*EXERCISE BRIEF*
Exactly reproduce the line containing "Email address in notepad" and all later lines to the end of the entries, leaving the pictures out of your copy.

- Opening Delimiter -

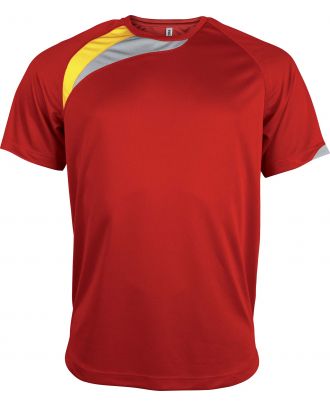 T-shirt sport enfant manches courtes PA437 - Sporty Red / Sporty Yellow / Storm Grey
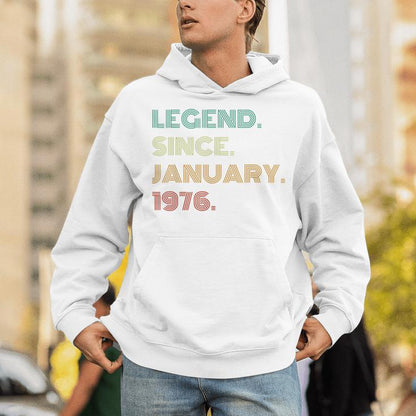 49 Years Old Legend Since January 1976 49Th Birthday Unisex Hoodie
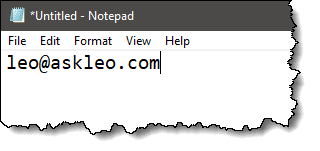 Email address in notepad
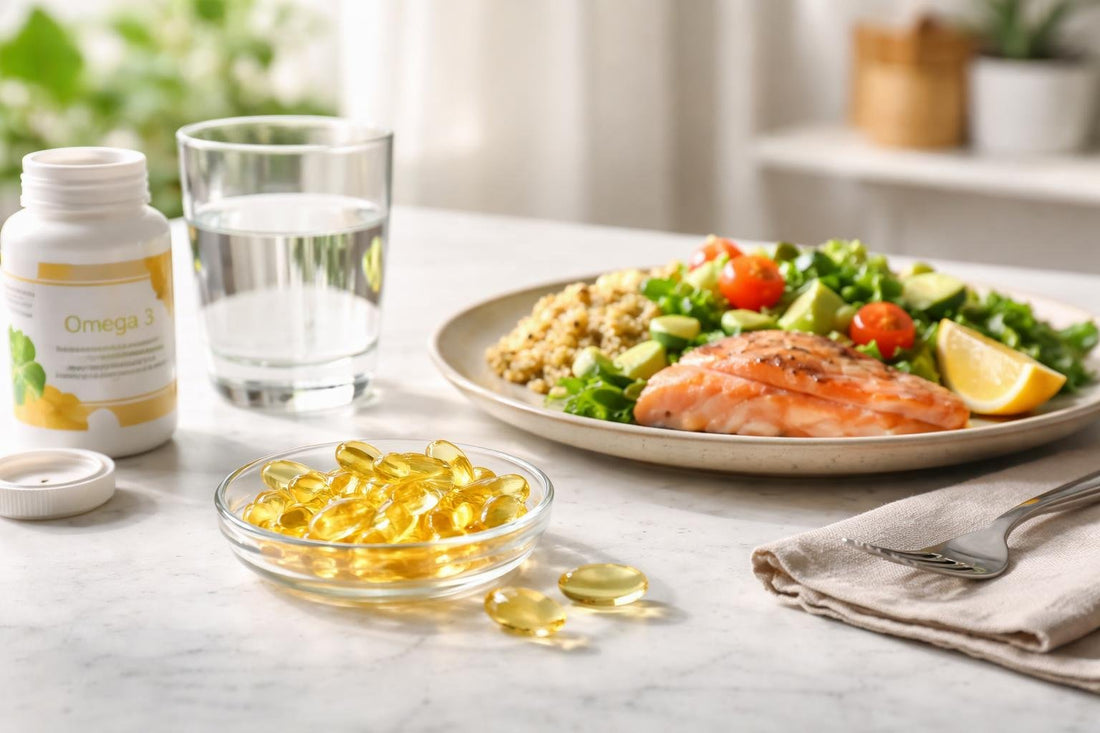 Omega-3 capsules with meal to reduce fishy burps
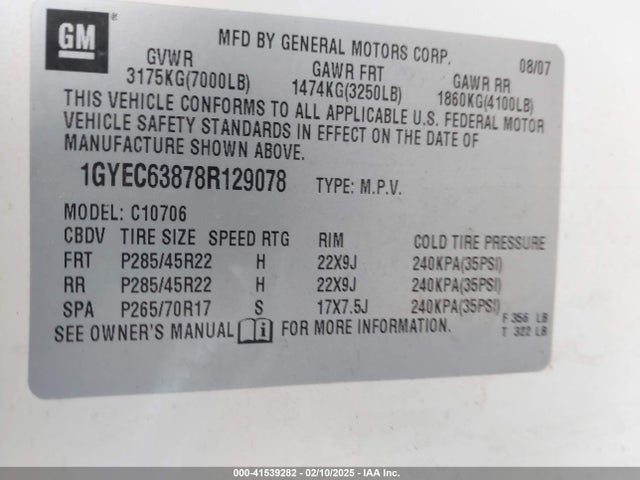2008 CADILLAC ESCALADE 1GYEC63878R129078 Photo 8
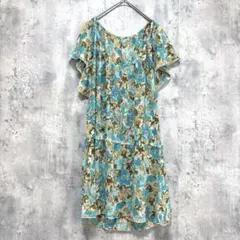 【オリーブデオリーブ】シアー 透け感 花柄半袖ワンピース チュニック 総柄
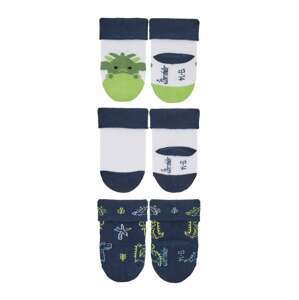 STERNTALER Ponožky 'Drache'  modrá / bílá / zelená / tmavě zelená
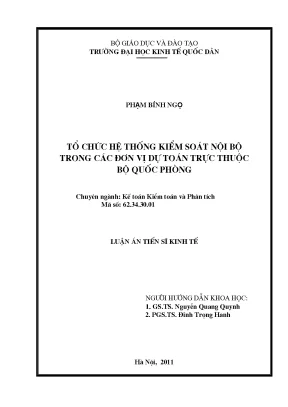 Luận án tiến sĩ tổ chức hệ thống kiểm soát nội bộ trong các đơn vị dự toán trực thuộc bộ quốc phòng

- Closing Delimiter -

*TASK RESPONSE*
 Email address in notepad
 Omega-3 capsules with meal to reduce fishy burps
2008 CADILLAC ESCALADE 1GYEC63878R129078 Photo 8
 【オリーブデオリーブ】シアー 透け感 花柄半袖ワンピース チュニック 総柄
 STERNTALER Ponožky 'Drache'  modrá / bílá / zelená / tmavě zelená
 Luận án tiến sĩ tổ chức hệ thống kiểm soát nội bộ trong các đơn vị dự toán trực thuộc bộ quốc phòng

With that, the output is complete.